TASK BRIEF:
Below are entries; copy exactly the lines from the one with "Gradius Origins" through the one with "National curriculum overhaul", both included, and leave out the rest.

------ MATERIAL SUPPLIED ------

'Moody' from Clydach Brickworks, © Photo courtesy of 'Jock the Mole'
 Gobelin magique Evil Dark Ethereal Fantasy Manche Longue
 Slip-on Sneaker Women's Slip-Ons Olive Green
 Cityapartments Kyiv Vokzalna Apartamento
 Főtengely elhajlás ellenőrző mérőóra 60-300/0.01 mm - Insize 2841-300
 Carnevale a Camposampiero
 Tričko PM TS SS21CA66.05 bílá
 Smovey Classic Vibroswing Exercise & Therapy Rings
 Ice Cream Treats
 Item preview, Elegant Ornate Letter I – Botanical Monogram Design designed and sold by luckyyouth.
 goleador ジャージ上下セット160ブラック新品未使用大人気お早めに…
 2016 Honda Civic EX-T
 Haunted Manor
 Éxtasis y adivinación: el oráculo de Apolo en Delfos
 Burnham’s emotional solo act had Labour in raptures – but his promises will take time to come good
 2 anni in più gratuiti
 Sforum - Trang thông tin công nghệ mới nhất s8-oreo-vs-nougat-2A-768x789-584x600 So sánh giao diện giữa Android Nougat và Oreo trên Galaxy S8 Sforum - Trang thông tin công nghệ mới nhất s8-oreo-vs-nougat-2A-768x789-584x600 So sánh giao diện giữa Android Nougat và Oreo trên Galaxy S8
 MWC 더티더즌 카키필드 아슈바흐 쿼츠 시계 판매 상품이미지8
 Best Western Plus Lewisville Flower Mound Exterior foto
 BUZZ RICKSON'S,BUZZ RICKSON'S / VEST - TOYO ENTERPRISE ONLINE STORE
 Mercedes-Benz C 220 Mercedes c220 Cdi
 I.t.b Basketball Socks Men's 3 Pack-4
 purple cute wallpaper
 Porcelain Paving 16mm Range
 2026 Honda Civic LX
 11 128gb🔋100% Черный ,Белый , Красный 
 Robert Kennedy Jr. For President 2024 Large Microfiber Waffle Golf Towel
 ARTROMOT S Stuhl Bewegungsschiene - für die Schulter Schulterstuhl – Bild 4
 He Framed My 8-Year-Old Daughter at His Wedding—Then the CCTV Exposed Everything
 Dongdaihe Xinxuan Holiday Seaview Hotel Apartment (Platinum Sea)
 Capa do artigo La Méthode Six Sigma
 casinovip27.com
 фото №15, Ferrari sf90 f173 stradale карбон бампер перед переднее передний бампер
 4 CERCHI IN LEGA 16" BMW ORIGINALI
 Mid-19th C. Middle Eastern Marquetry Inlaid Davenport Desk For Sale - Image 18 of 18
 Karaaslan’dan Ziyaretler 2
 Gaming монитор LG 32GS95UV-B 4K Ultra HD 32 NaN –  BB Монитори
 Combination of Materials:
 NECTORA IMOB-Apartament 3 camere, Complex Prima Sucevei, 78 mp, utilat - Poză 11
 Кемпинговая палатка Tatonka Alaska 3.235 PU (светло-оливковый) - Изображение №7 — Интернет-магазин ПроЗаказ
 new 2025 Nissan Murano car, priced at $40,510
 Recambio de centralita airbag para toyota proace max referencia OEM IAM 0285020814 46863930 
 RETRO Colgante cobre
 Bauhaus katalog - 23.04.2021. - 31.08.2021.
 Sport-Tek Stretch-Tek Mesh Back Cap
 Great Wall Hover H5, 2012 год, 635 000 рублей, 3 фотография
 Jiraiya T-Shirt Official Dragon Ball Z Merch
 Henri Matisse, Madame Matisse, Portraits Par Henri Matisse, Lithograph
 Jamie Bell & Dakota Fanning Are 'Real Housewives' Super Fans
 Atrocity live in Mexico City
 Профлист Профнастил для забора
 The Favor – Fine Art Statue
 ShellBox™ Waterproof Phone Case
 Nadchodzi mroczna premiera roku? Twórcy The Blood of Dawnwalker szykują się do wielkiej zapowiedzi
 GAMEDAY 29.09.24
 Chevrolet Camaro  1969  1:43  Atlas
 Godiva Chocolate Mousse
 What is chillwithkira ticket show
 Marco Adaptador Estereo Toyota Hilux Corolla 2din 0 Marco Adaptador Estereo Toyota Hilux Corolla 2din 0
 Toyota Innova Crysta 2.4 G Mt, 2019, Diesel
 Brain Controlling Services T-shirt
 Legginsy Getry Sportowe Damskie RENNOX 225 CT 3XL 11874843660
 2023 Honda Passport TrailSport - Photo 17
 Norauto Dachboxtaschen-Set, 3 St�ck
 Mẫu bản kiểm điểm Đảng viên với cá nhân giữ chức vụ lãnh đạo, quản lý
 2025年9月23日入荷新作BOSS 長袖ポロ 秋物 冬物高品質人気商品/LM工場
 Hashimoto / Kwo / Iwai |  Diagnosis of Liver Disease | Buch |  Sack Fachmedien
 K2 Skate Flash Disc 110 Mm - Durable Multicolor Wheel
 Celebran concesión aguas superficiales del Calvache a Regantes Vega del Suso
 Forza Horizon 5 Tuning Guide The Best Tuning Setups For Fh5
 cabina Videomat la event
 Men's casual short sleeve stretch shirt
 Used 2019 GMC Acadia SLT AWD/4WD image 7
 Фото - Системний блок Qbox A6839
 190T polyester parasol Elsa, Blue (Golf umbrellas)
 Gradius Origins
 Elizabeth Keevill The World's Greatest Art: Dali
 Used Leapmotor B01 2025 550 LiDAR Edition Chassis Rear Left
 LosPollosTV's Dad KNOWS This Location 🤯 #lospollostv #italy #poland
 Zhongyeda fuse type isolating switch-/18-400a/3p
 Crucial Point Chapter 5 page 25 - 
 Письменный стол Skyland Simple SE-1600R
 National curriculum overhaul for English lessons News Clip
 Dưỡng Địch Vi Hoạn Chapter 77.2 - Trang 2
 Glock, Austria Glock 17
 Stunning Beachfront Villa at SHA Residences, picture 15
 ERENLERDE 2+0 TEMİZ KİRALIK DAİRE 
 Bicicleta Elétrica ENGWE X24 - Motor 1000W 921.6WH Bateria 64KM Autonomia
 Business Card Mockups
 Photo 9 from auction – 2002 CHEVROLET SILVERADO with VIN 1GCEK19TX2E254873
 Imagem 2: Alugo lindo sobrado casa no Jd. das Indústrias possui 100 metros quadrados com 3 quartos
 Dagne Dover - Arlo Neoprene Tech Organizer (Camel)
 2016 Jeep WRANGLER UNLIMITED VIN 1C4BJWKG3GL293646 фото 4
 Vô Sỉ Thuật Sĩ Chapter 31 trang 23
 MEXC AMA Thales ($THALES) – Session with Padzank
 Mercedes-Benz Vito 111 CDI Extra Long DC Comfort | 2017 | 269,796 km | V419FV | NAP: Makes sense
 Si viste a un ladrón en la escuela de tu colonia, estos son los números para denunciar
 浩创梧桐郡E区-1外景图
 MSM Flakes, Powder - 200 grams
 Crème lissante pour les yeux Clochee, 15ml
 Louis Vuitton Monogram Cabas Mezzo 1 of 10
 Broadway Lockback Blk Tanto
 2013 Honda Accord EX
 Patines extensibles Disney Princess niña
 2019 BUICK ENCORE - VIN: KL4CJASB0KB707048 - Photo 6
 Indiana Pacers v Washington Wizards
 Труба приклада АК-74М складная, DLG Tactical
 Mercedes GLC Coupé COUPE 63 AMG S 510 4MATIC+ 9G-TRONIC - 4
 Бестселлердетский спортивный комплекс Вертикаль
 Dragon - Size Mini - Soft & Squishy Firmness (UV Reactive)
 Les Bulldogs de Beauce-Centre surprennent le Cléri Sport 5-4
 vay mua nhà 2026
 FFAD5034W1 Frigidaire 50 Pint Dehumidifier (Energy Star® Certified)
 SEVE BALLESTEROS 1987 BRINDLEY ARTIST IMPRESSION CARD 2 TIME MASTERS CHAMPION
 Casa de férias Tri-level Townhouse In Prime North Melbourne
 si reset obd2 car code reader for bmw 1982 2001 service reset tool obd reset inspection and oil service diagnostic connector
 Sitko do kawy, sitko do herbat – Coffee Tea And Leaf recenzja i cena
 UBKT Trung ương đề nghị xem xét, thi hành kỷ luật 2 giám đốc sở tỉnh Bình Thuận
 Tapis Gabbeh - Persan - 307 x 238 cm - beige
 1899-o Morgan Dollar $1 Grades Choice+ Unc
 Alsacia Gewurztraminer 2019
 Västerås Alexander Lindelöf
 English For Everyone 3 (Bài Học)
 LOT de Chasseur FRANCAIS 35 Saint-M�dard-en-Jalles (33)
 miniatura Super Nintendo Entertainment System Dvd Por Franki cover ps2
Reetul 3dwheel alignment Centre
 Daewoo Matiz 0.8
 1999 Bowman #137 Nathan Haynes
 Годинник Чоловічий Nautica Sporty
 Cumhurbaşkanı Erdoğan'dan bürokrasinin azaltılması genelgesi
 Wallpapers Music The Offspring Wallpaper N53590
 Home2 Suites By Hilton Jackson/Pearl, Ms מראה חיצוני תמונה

------

ANSWER TO THE PROBLEM:
 Gradius Origins
 Elizabeth Keevill The World's Greatest Art: Dali
 Used Leapmotor B01 2025 550 LiDAR Edition Chassis Rear Left
 LosPollosTV's Dad KNOWS This Location 🤯 #lospollostv #italy #poland
 Zhongyeda fuse type isolating switch-/18-400a/3p
 Crucial Point Chapter 5 page 25 - 
 Письменный стол Skyland Simple SE-1600R
 National curriculum overhaul for English lessons News Clip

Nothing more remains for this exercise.